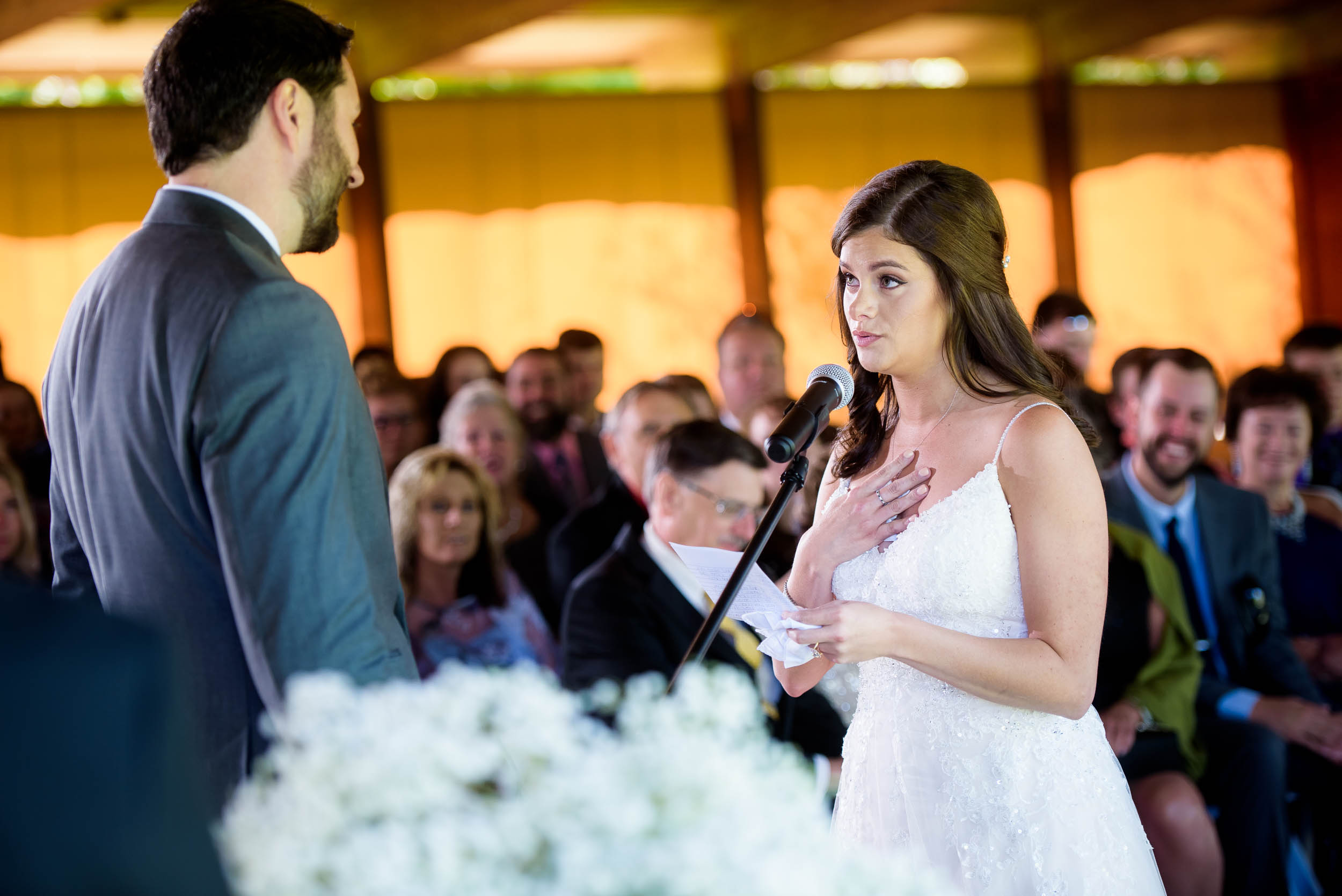 Bride and groom exchanging vows at Grand Geneve Resort Fall Chicago Wedding captured by J. Brown Photography. Visit jbrownphotography.com for more wedding inspiration!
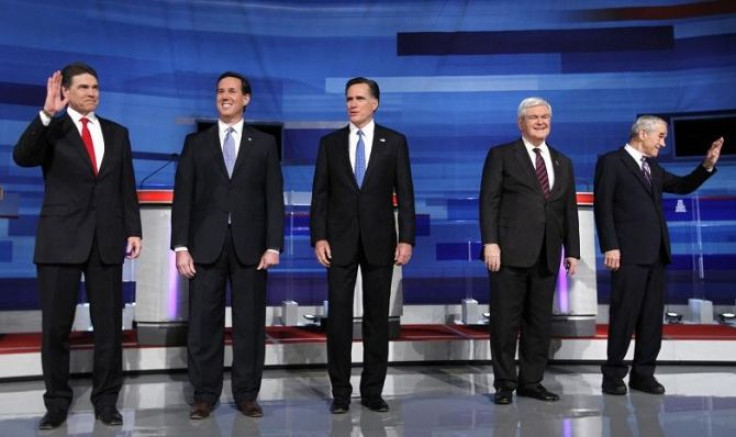 Republican presidential candidates (L-R) Texas Governor Rick Perry, former U.S. Senator Rick Santorum (R-PA), former Massachusetts Governor Mitt Romney, former House Speaker Newt Gingrich and U.S. Rep. Ron Paul (R-TX), stand on stage before participating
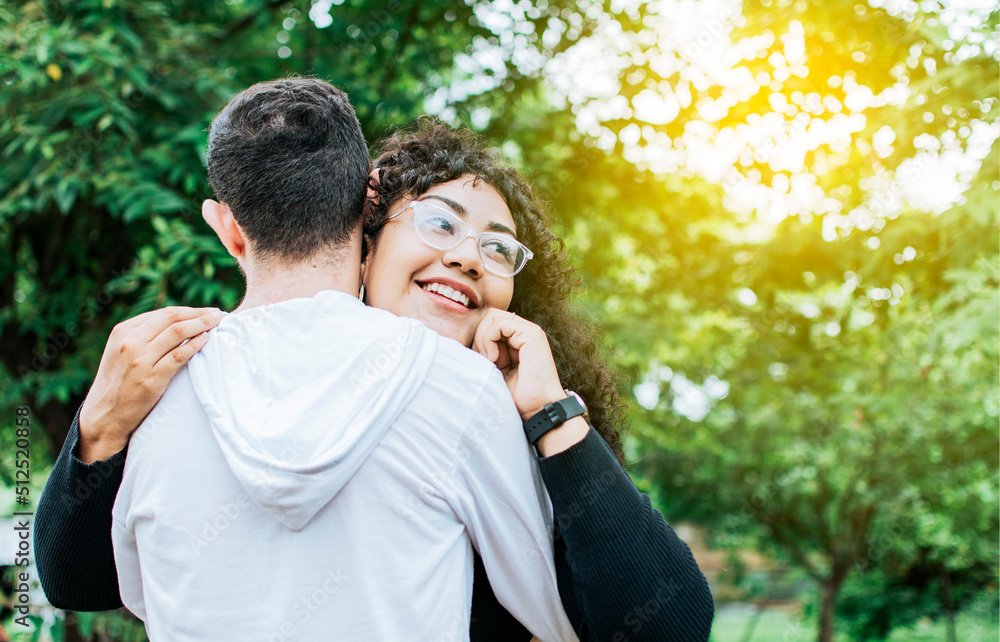 Teenage couple hugging outdoors, Close up of happy couple hugging in nature, Close up of smiling teenage couple hugging Teenage couple hugging outdoors, Close up of happy couple hugging in nature, Close up of smiling teenage couple hugging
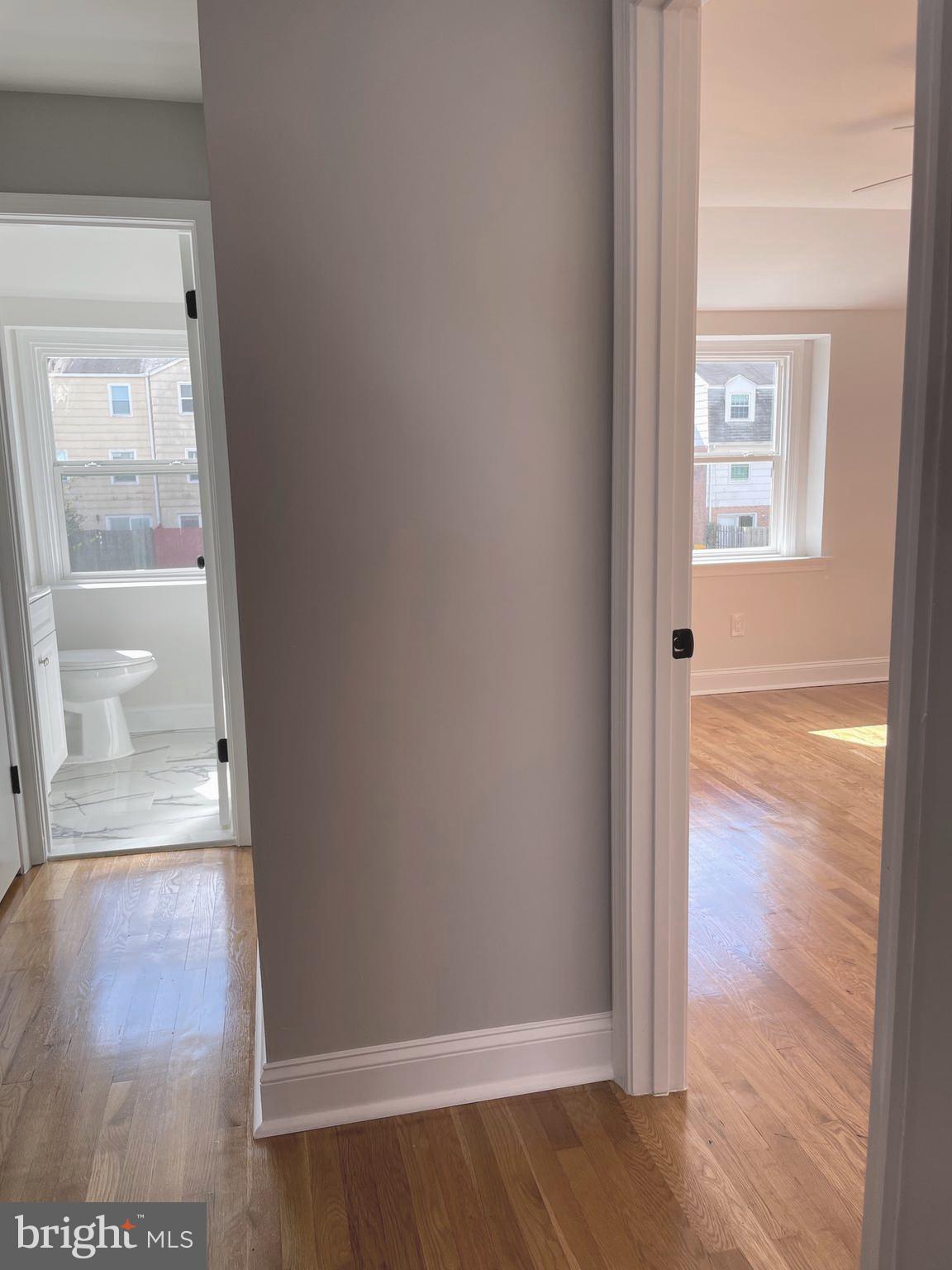 136 Old Enterprise Road, Unit 131 Upper Marlboro, MD 20774 - Photo 14 of 36 a view of a hallway with wooden floor
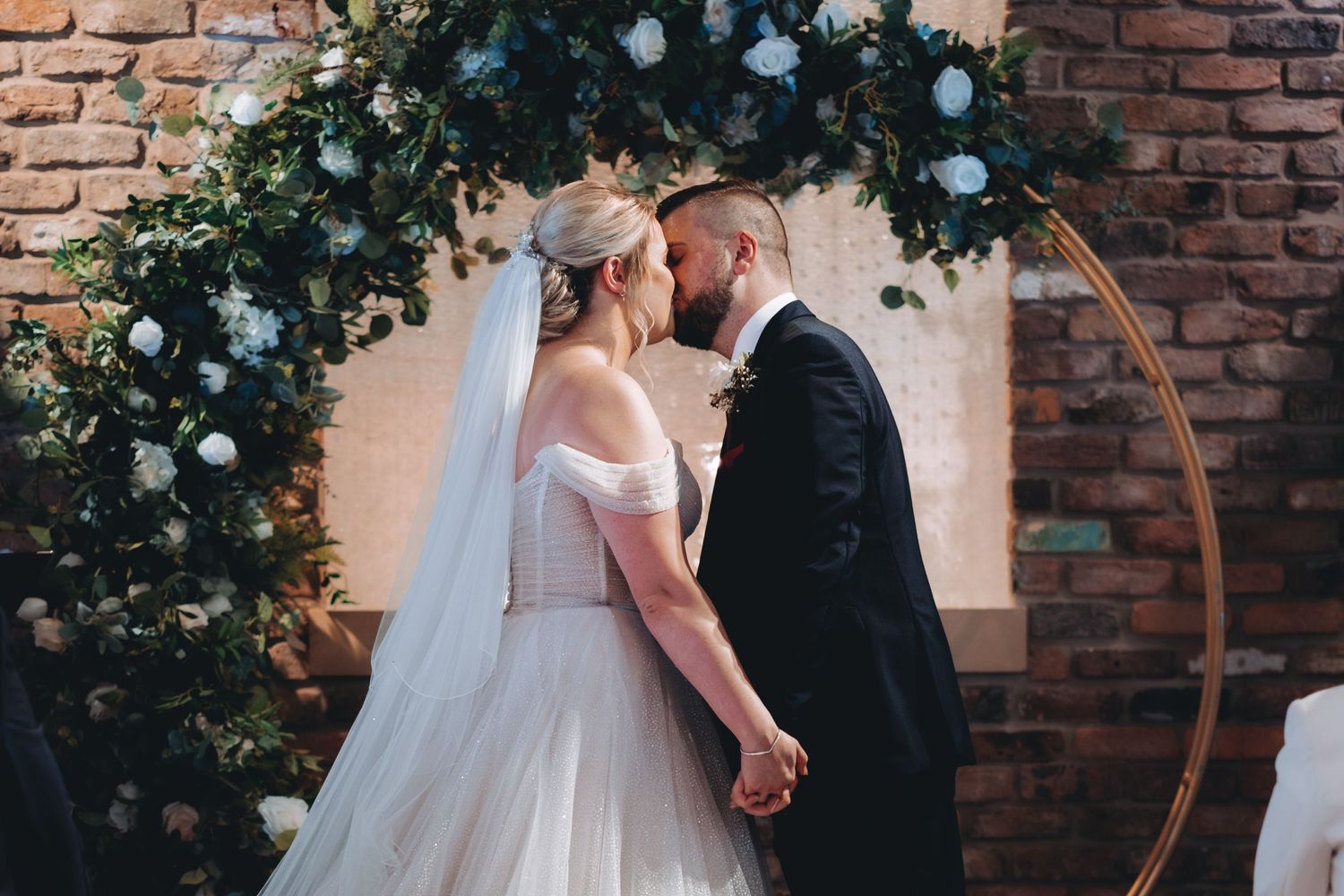Romantic wedding moment under a circular floral arch against rustic brick wall backdrop.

▶ **Task requirements**: Omit the pictures and write out the lines above from the one with "Republican presidential candidates" through the last, unchanged.

▶ **Task output**:
 Republican presidential candidates (L-R) Texas Governor Rick Perry, former U.S. Senator Rick Santorum (R-PA), former Massachusetts Governor Mitt Romney, former House Speaker Newt Gingrich and U.S. Rep. Ron Paul (R-TX), stand on stage before participating
 Teenage couple hugging outdoors, Close up of happy couple hugging in nature, Close up of smiling teenage couple hugging Teenage couple hugging outdoors, Close up of happy couple hugging in nature, Close up of smiling teenage couple hugging
 136 Old Enterprise Road, Unit 131 Upper Marlboro, MD 20774 - Photo 14 of 36 a view of a hallway with wooden floor
Romantic wedding moment under a circular floral arch against rustic brick wall backdrop.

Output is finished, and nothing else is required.